When the mice were euthanized, scientists discovered high levels of the pathogen in their respiratory organs.

Florida bars the sale of raw milk for human consumption. But raw milk labeled as pet food is found throughout the state, according to a website that tracks availability.

“Absolutely do not consume raw milk products,” Lakdawala said.

What about beef?

Federal agriculture officials say they’re confident the meat supply is safe and that they didn’t find the virus in 30 samples of ground beef collected from states where dairy cows tested positive.

In an experiment, federal Department of Agriculture researchers found that cooking hamburgers to 145 degrees (medium) and 160 degrees (well done) would kill the virus.

A Jersey cow feeds in a field in Iowa in 2018. The U.S. Food and Drug Administration says the country’s commercial milk supply is safe during the H5N1 outbreak.
A Jersey cow feeds in a field in Iowa in 2018. The U.S. Food and Drug Administration says the country’s commercial milk supply is safe during the H5N1 outbreak.
[ CHARLIE NEIBERGALL | AP ]

Is there a vaccine?

It’s a bit complicated. The bottom line: you can’t walk into Walgreens or CVS this week and get a shot to ward off H5N1.

But the Centers for Disease Control and Prevention has bird flu viruses that can be used by manufacturers to develop a vaccine, with good protection against H5N1 expected.

The problem is one of logistics. If a pandemic were to begin, providing enough vaccines would be challenging.

How else can individuals, and pets, stay safe?

Avoid sick or dead animals, including wild birds and poultry, if you don’t have eye or respiratory protection, according to the Centers for Disease Control and Prevention. Stay clear of feces from critters.

Those who come into contact with sickened animals should monitor themselves for symptoms, including pink eye, for 10 days.

Keep your pets, such as cats and dogs, away from sick or dead wild birds, feathers and droppings and feed and water bowls that wild birds may have touched.

What’s going on with wastewater tracking?

Scientists have started to monitor sewage to see where H5N1 is spreading — just like with COVID-19. WastewaterSCAN, a national surveillance network from Stanford and Emory universities, recently began to test for the H5 influenza A subtype at 194 locations across the country, including 13 in Florida.

There are many H5 bird flu viruses.

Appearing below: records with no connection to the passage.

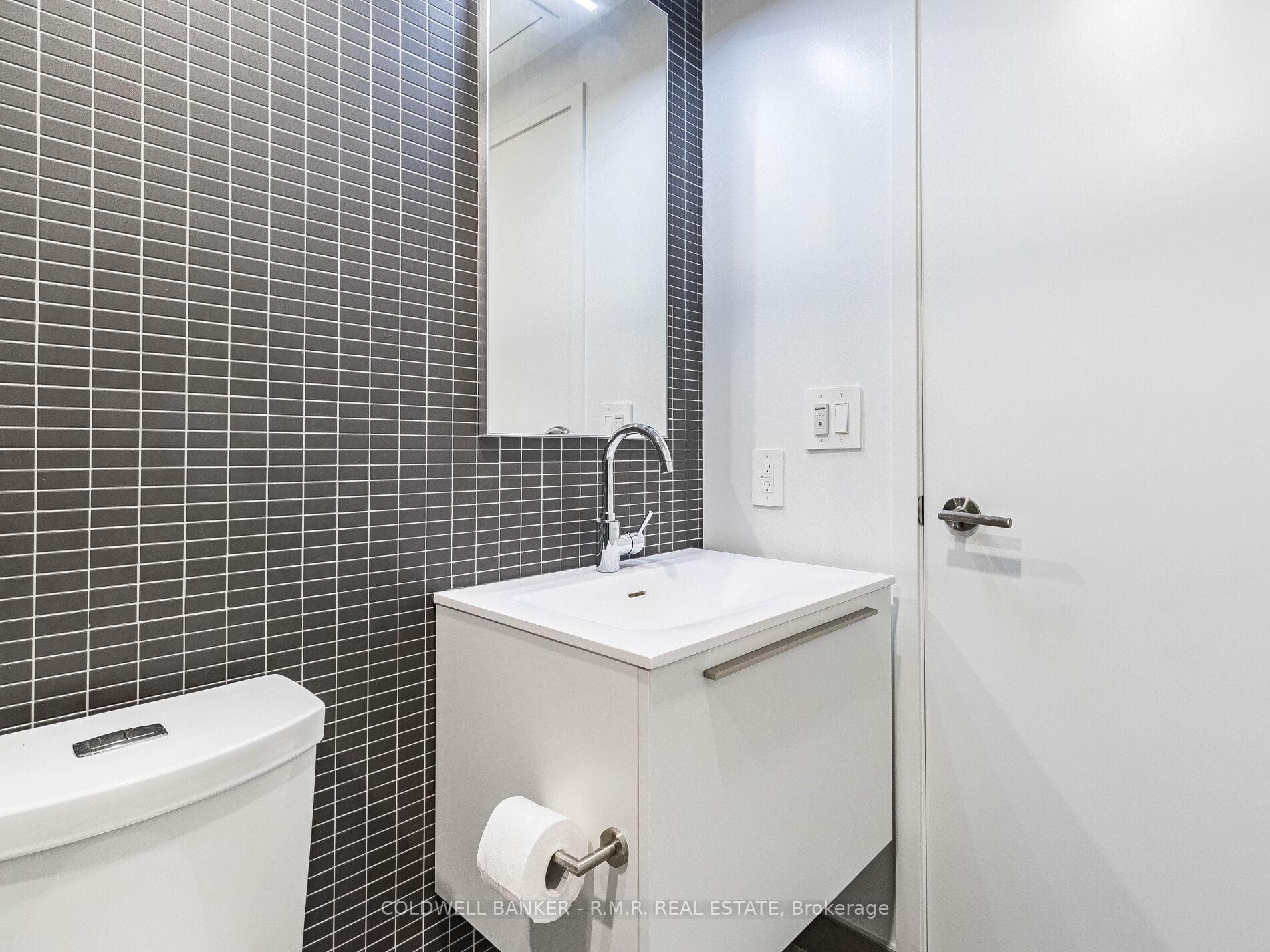 2720 Dundas Street Unit 703 photo 18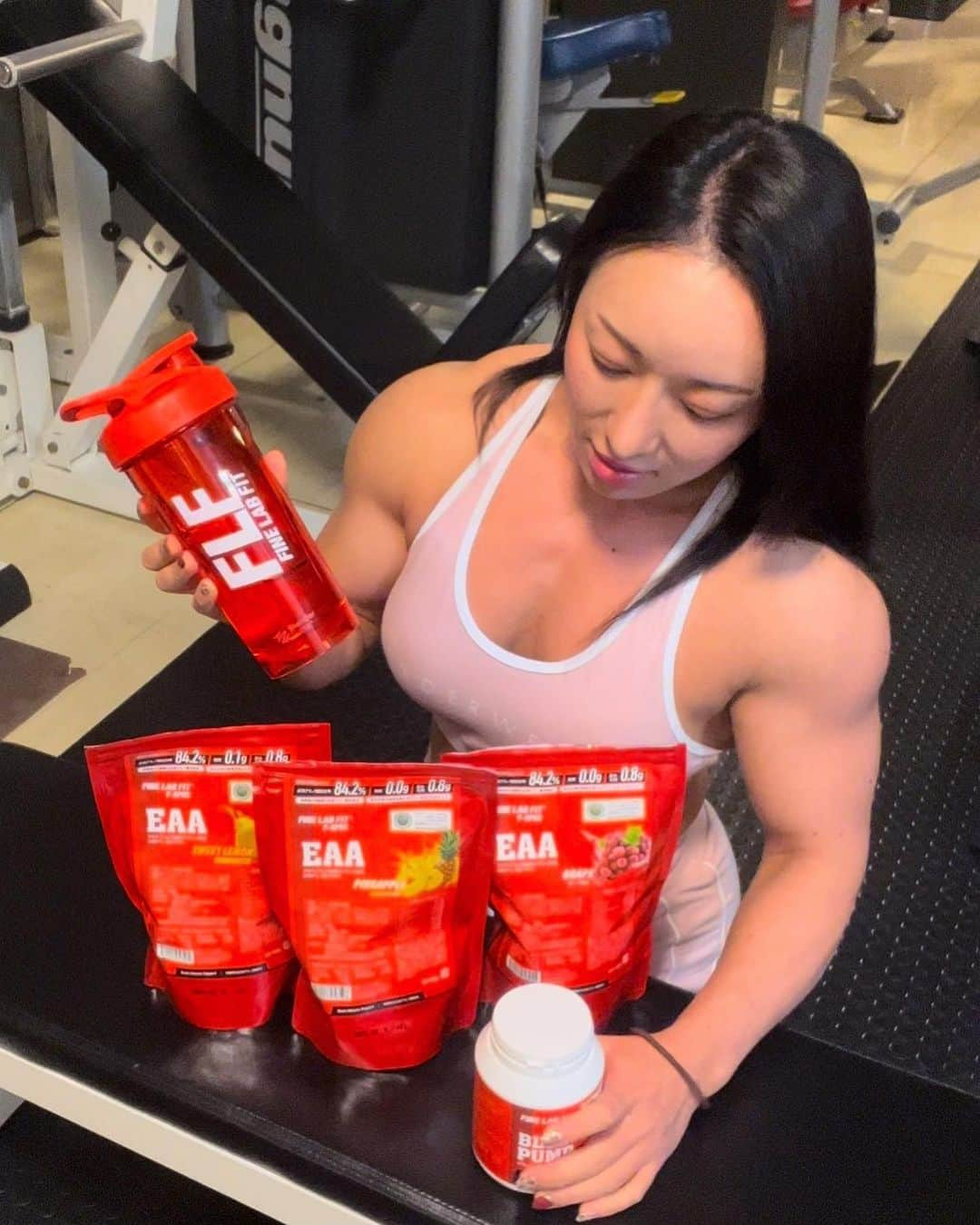 YAMADAASAMIのインスタグラム：「トレーニング中のドリンクは、 @flf_formula  @fine_lab_official   EAAとブラッドパンプをMIX が最近のお気に入りです😁 ブラッドパンプはプレワークアウトサプリなのでトレ前に摂取するこも多いです🙆‍♀️ EAAは、 パイナップル🍍 グレープ🍇 レモン🍋 どの味も好きだけど、個人的に一番好きなのはパイナップルかなぁ🥰 EAA＆ブラッドパンプのおかげでいつも全力を発揮できてます😎  ファインラボオンラインストアにて 🉐クーポンコード 【FLYAMADA】 ご使用で、お会計から10％オフが適用されます‼️ 忘れずにご入力ください✨  @fine_lab_official  @flf_formula  @suzuki.katsuaki  #ifbb #ifbbpro #ifbbelitepro  #ELITEPRO #ifbbfigure  #bodyfitness #fitness #figure  #gym #gymmotivation #training  #trainingmotivation #workout #bodybuilding #workoutmotivation #筋トレ #筋トレ女子 #トレーニング #ジム #フィットネス  #エフクラス  #f_class #ファインラボ #」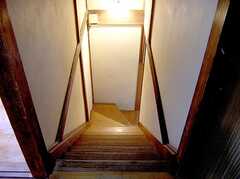 階段の様子。（2Fから）(2005-09-10,共用部,OTHER,2F)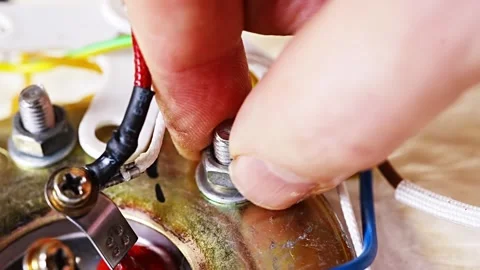 Expert boiler repair tips for efficient home heating solutions Stockbeeldmateriaal 304521915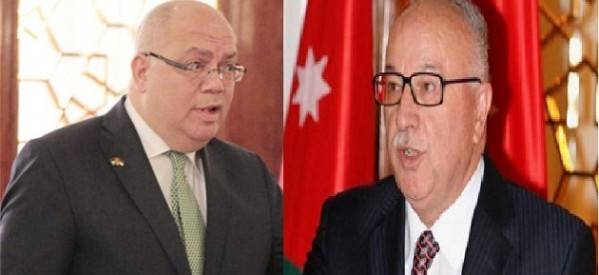 استفسارات عديدة عن عطاءات الخمسين مليون الملغاة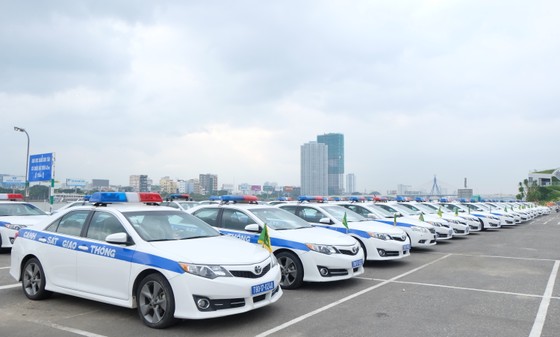 Lực lượng CSGT ra quân đảm bảo trật tự ATGT tại Tuần lễ cấp cao APEC ảnh 5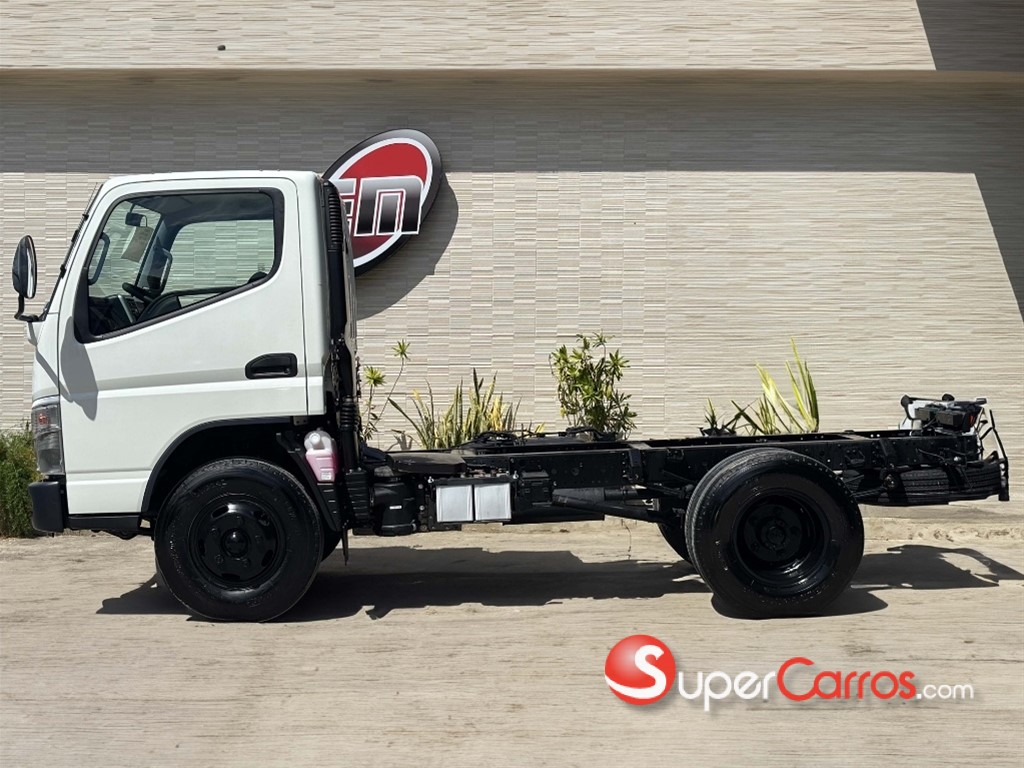 2024 Mitsubishi Motors Canter Cama 10 pies — foto 8 / 9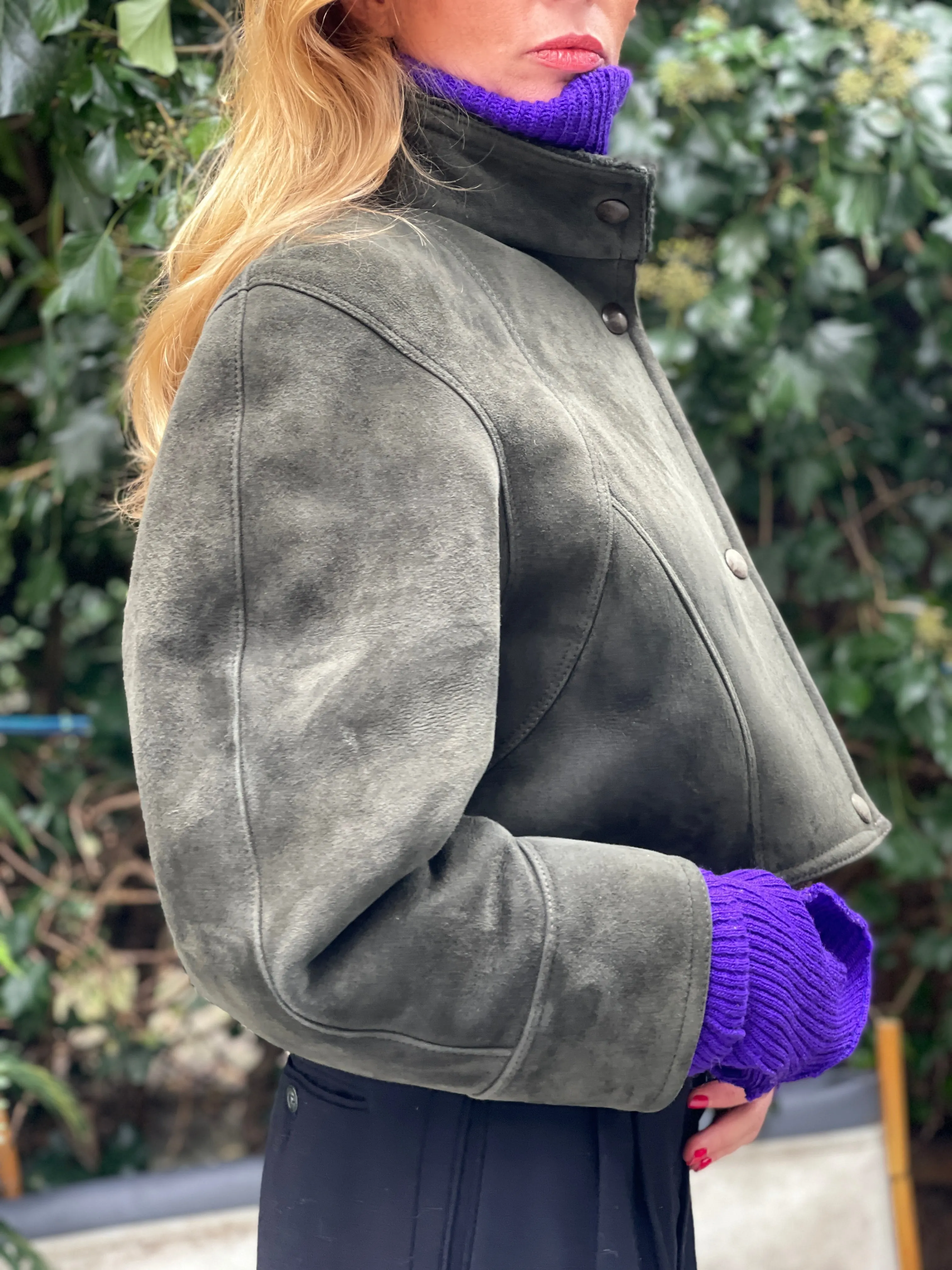Cropped pine green lammy jacket.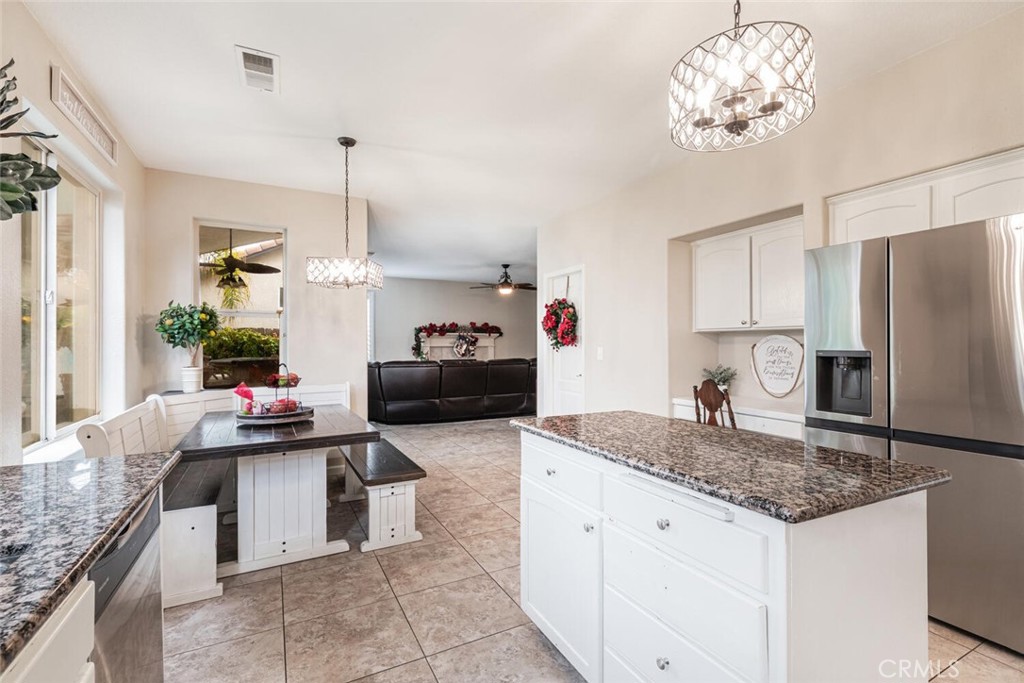 2170 W Beechwood Ave, Fresno, CA 93711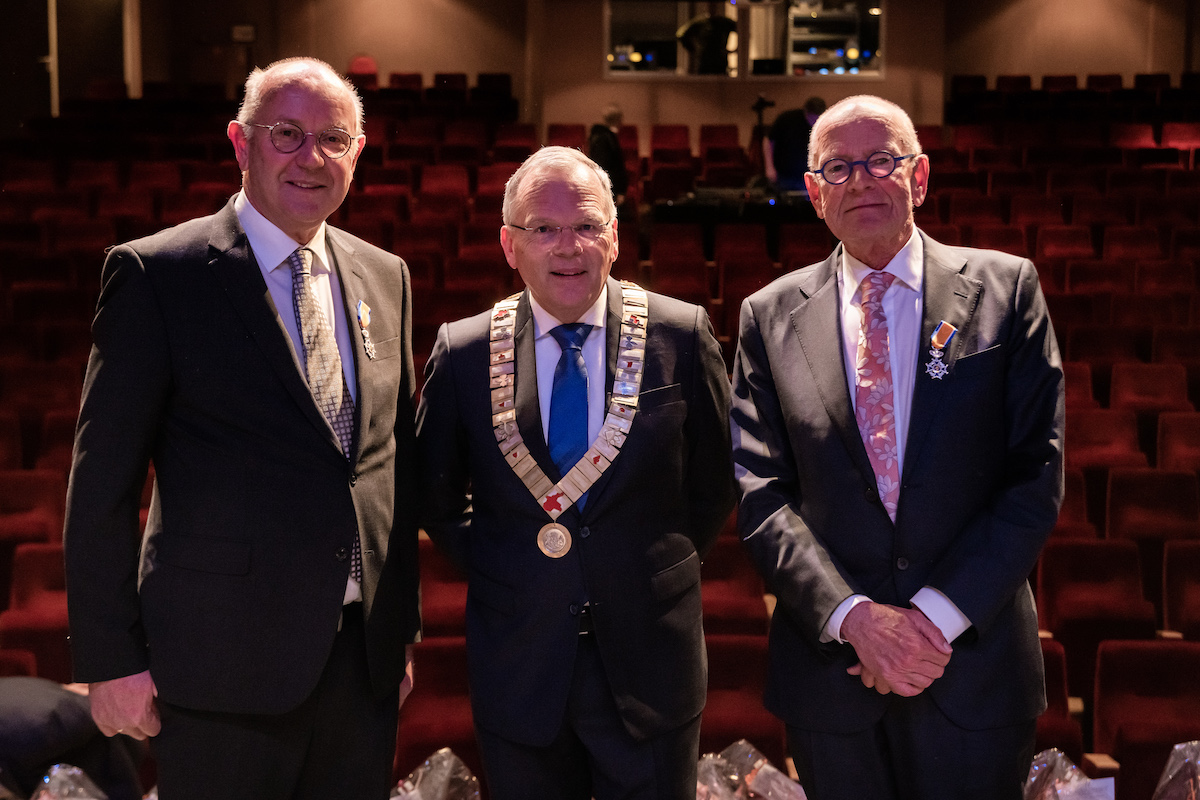 Gisterenavond namen we afscheid van negen vertrekkende raadsleden. Raadsleden Gert Ploeg (SGP) en Hilhardt Brul (Pro’98) en Lukas Scheijgrond (ChristenUnie) kregen voor hun indrukwekkende verdiensten een Koninklijke Onderscheiding van burgemeester Luteijn. barneveldsekrant.nl/lokaal/politie…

But if H5 is detected this summer in a treatment plant’s wastewater, it’s likely H5N1, said Alessandro Zulli, a postdoctoral scholar at Stanford who works with WastewaterSCAN.

The research team has yet to find H5 in Florida wastewater, including at three St. Petersburg facilities, according to recent data. But the virus has been identified in sewage from states like Michigan and Texas.

Detecting H5 doesn’t confirm that humans are infected, Zulli said. The virus could be entering wastewater systems through milk discharges at dairies, he said. Federal health authorities have urged farmers to throw out milk from sick cows.

Monitoring sewage is a “very early warning system,” Zulli said.

“It’s much easier to do than testing every cow in a 50-mile radius,” he said. “Or testing every person in a 50-mile radius.”